>>>>
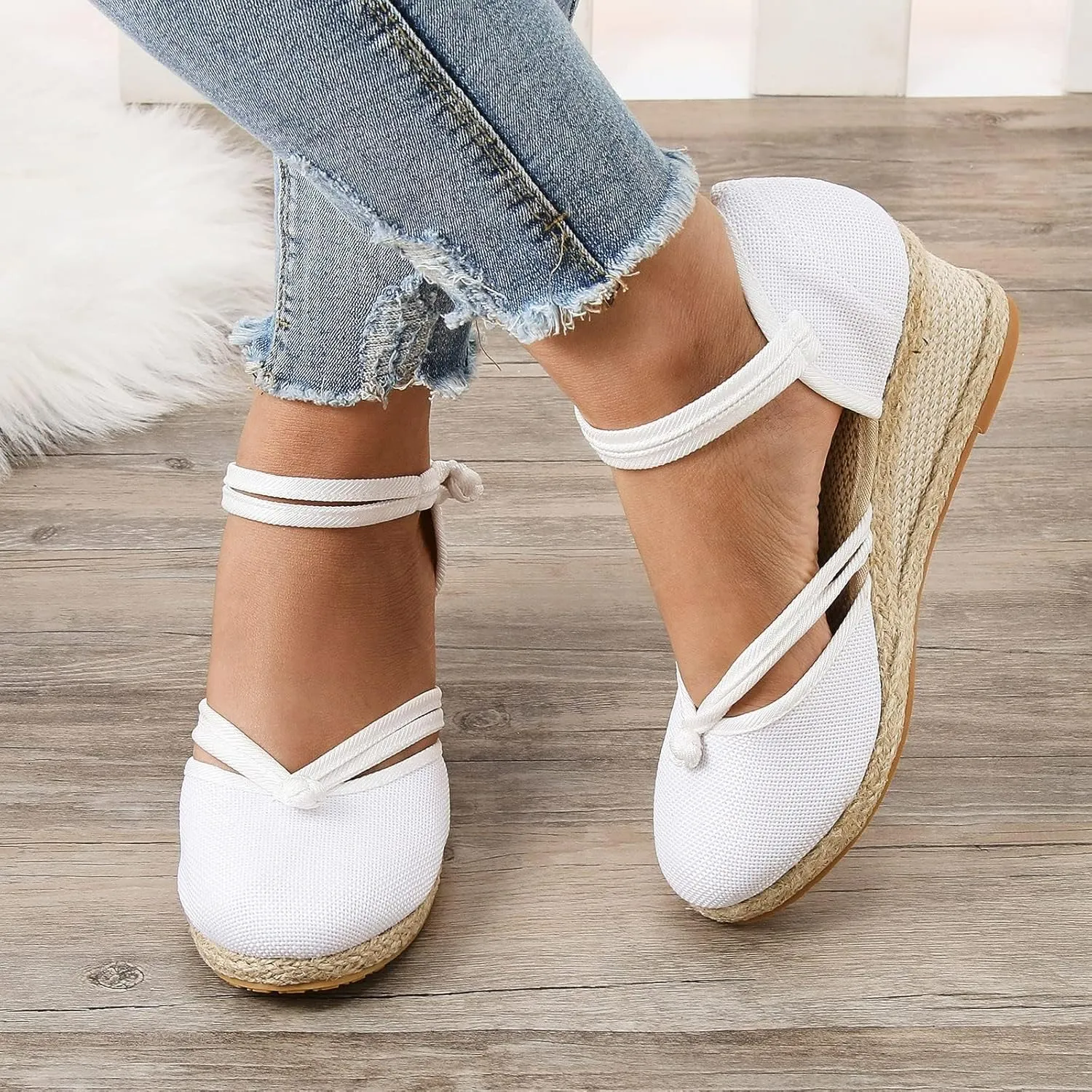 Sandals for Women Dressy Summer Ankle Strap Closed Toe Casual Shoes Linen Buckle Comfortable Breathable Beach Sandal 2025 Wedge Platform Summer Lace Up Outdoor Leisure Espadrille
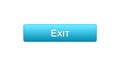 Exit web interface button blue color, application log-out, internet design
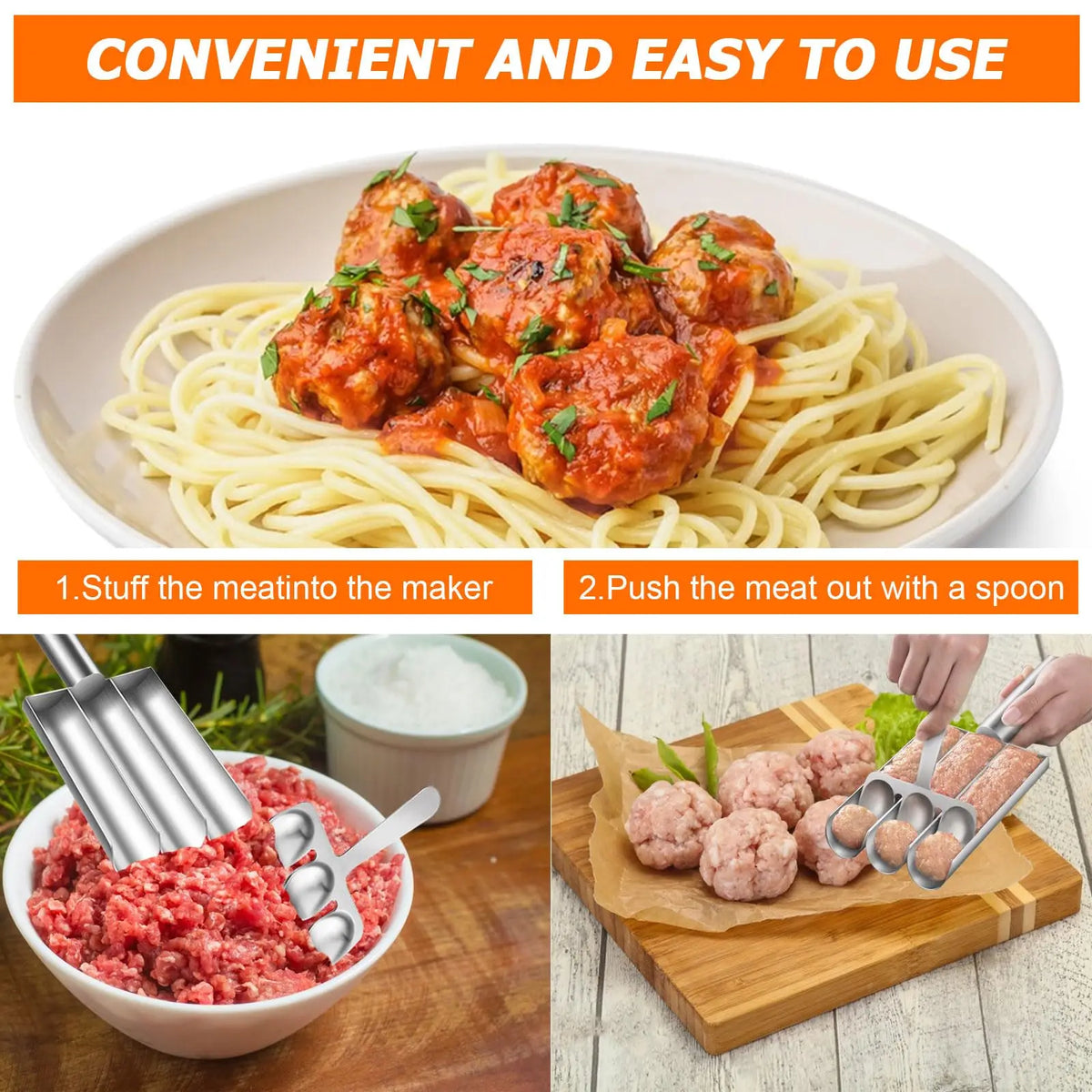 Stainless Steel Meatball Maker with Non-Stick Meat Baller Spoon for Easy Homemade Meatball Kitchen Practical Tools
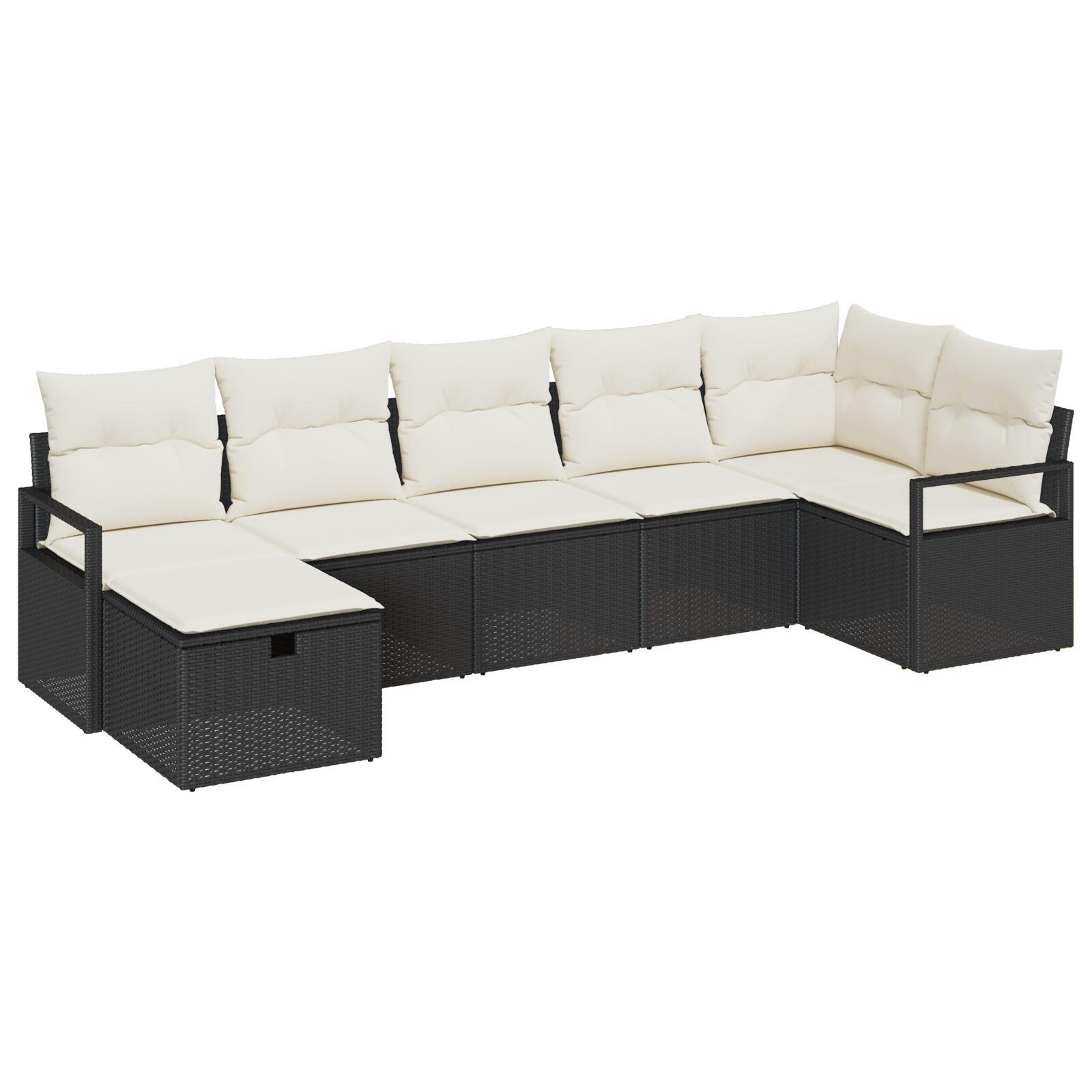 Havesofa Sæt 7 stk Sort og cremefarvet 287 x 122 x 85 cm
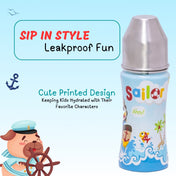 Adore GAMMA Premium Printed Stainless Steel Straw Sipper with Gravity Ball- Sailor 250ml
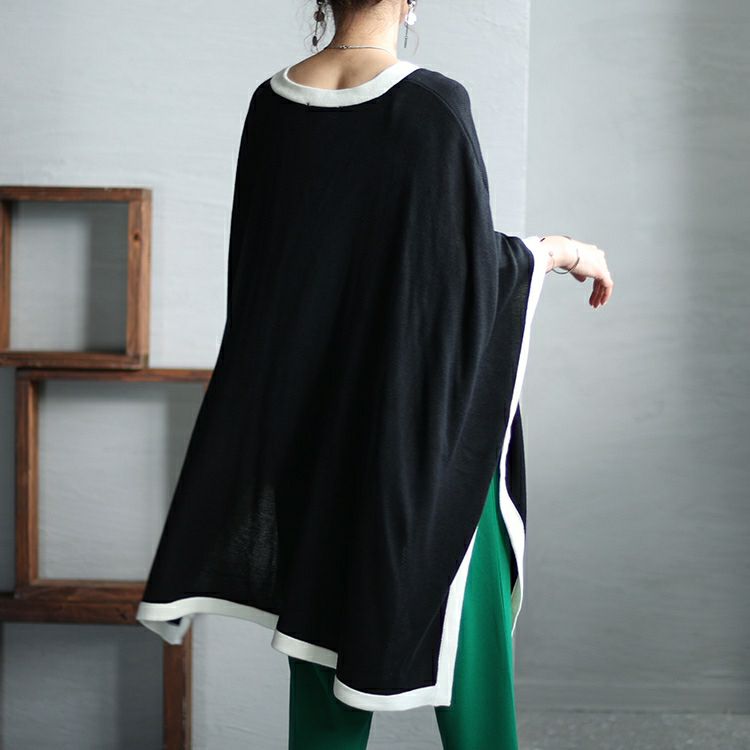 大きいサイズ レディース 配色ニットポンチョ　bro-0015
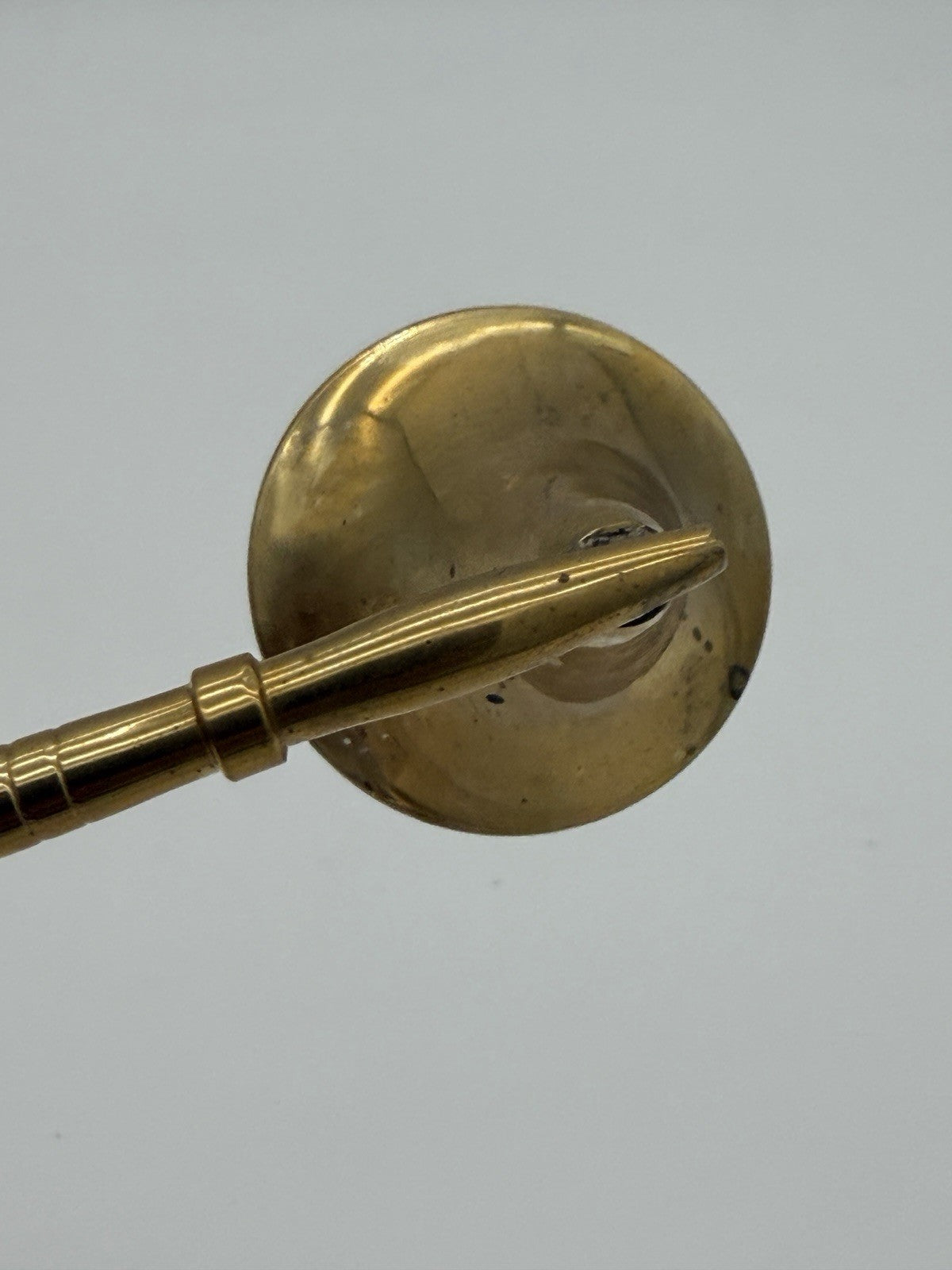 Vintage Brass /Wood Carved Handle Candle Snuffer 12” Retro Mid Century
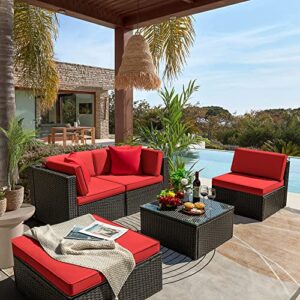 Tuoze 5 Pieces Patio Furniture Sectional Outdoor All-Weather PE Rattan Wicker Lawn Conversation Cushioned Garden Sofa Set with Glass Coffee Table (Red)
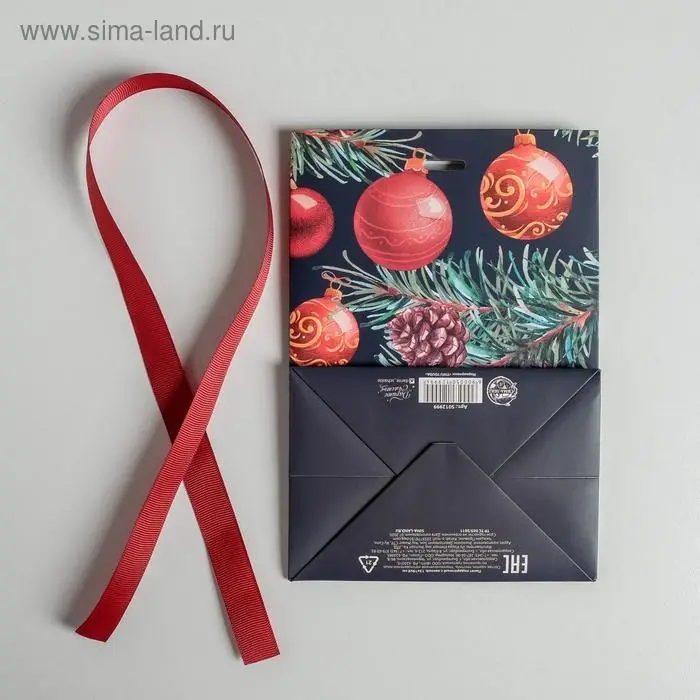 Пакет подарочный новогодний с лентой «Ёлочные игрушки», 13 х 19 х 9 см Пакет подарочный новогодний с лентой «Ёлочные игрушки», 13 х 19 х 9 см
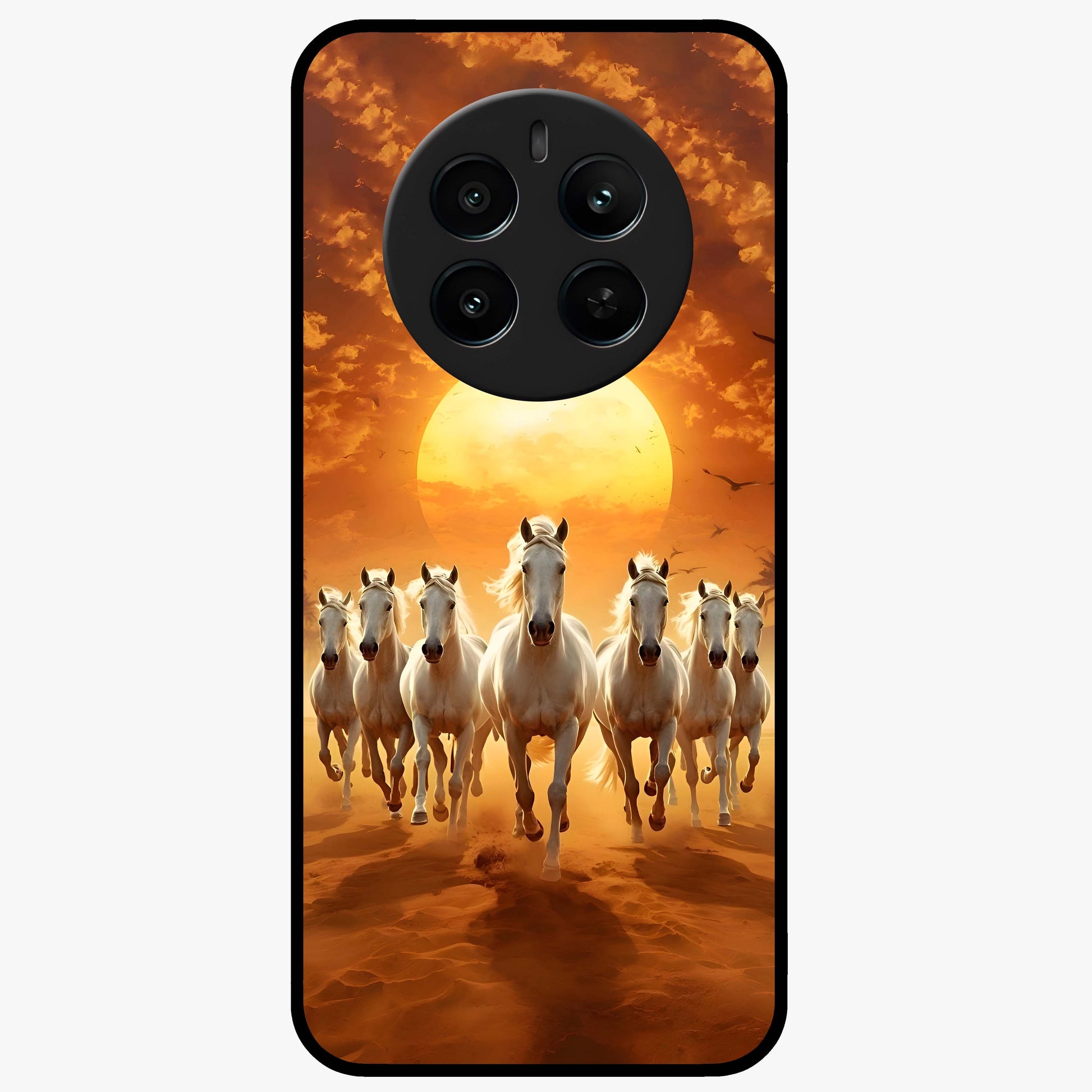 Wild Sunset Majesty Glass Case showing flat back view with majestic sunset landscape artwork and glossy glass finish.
<<<<
TASK REQUIREMENTS> No picture is to be printed. Output exactly the lines above from the line containing "Exit web interface" through the line containing "Vintage Brass /Wood".

PROBLEM SOLUTION>
 Exit web interface button blue color, application log-out, internet design
 Stainless Steel Meatball Maker with Non-Stick Meat Baller Spoon for Easy Homemade Meatball Kitchen Practical Tools
 Havesofa Sæt 7 stk Sort og cremefarvet 287 x 122 x 85 cm
 Adore GAMMA Premium Printed Stainless Steel Straw Sipper with Gravity Ball- Sailor 250ml
 大きいサイズ レディース 配色ニットポンチョ　bro-0015
 Vintage Brass /Wood Carved Handle Candle Snuffer 12” Retro Mid Century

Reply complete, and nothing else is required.